2.1.1. OneLake: The Unified Data Lake
💡 First Principle: OneLake works like a company-wide shared drive where every department's files automatically appear in the same place—no copying, no syncing, no "which version is correct?" debates. All Fabric workloads store data here by default, which means a lakehouse, a data warehouse, and a KQL database can all access the same underlying data without moving it.
Scenario: A data engineer creates a lakehouse, a data warehouse, and a KQL database. In traditional architectures, each would have isolated storage, requiring complex ETL to share data. In Fabric, all three store data in OneLake, enabling cross-workload analytics with a single security model.

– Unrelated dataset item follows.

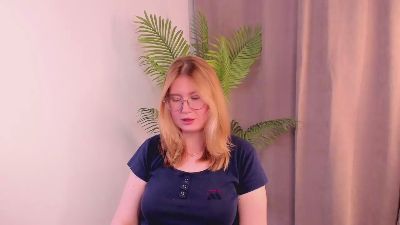 TereasaBucke Live Image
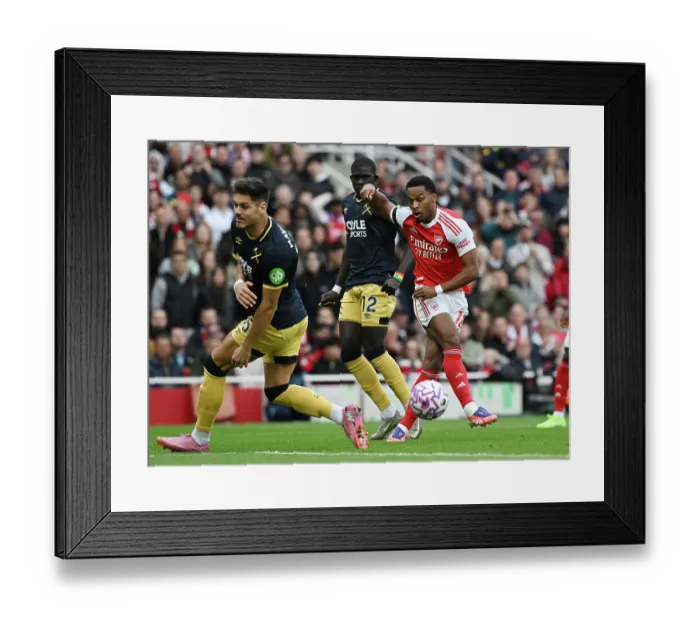 Framed Print : Arsenal v West Ham United - Premier League Framed Print : Arsenal v West Ham United - Premier League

Key Characteristics of OneLake
- Single Namespace: One logical data lake for the entire organization—no more data silos
- Delta Lake Foundation: All tabular data stored in Delta format (Parquet + transaction log) providing ACID transactions
- Automatic Data Storage: Every Fabric item stores data directly in OneLake without explicit configuration
- Hierarchical Organization: Tenant → Capacity → Workspace → Items
- Built-in Governance: Security, lineage, and compliance inherited automatically
Visual: OneLake Architecture
Shortcuts: Virtual Data Access
- Concept: Pointers to external data sources that appear as native OneLake data
- Types:
- Internal Shortcuts: Point to other locations within OneLake
- External Shortcuts: Point to Azure Data Lake Gen2, AWS S3, or Google Cloud Storage
- Benefit: Access external data without copying, maintaining single source of truth
⚠️ Exam Trap: Shortcuts are metadata pointers—data stays in its original location. This means external data governance still applies to the source system. If someone asks about copying data, shortcuts are NOT the answer.
Key Trade-Offs:
- Centralization vs. Flexibility: OneLake centralizes governance but requires all workloads to conform to its security model
- Shortcuts vs. Copies: Shortcuts avoid duplication but depend on source system availability—if AWS S3 goes down, your shortcut is inaccessible
Reflection Question: If your organization requires data to physically reside within a specific geographic region for compliance, how would OneLake shortcuts to an external S3 bucket in a different region affect your compliance posture?